> [REQUIRED WORK]: The answer must consist solely of the lines from the line with "100 Corman Ave" to the end of the data below, transcribed exactly and with no pictures.

> [DATA SEGMENT]:

---+---

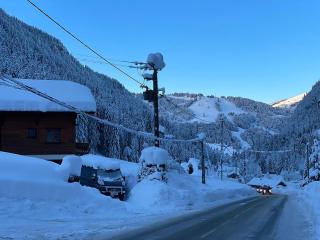 Cosy Alpine Chalet Near MorzineAvoriaz Sleeps 6 - 3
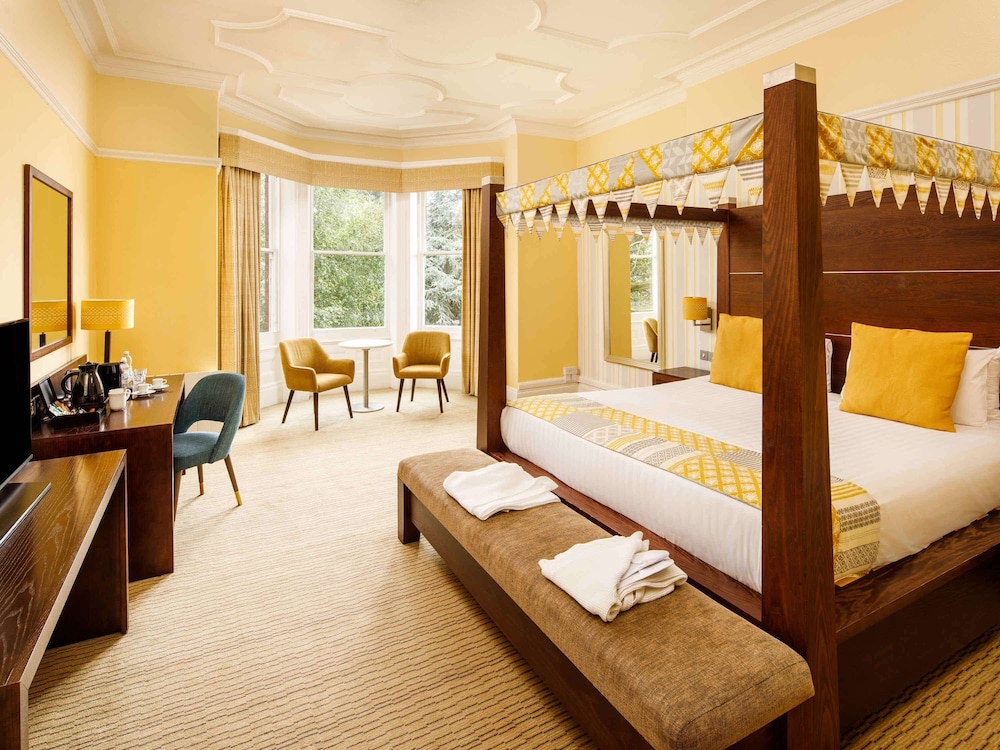 Superior Room, 1 Double Bed (Four Poster) photo 2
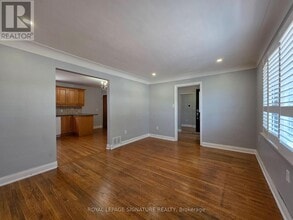 100 Corman Ave in Hamilton, ON - Building Photo - Building Photo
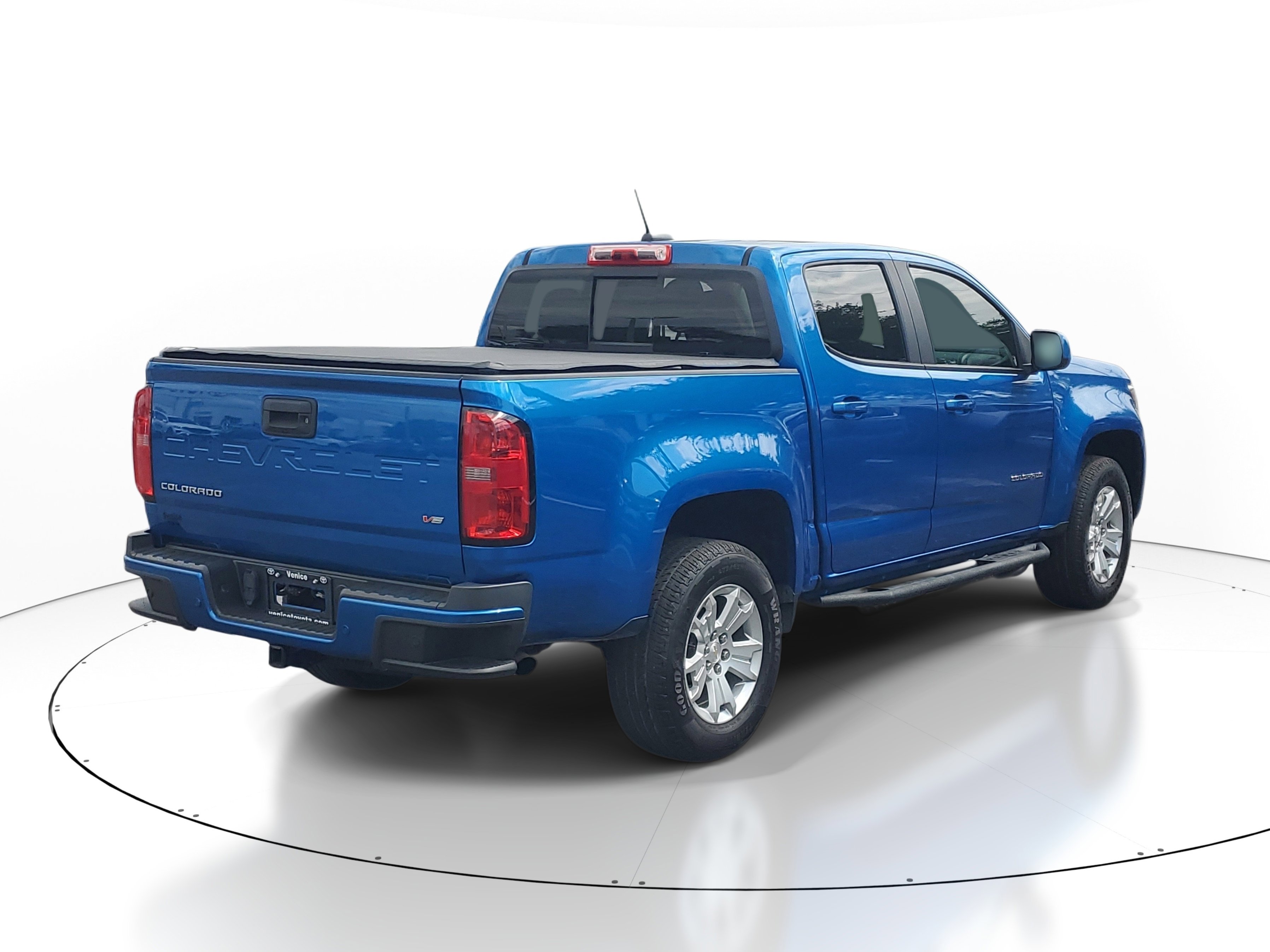 Used 2021 Chevrolet Colorado LT w/ Safety Package RWD image 7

---+---

> [TASK RESPONSE]:
 100 Corman Ave in Hamilton, ON - Building Photo - Building Photo
 Used 2021 Chevrolet Colorado LT w/ Safety Package RWD image 7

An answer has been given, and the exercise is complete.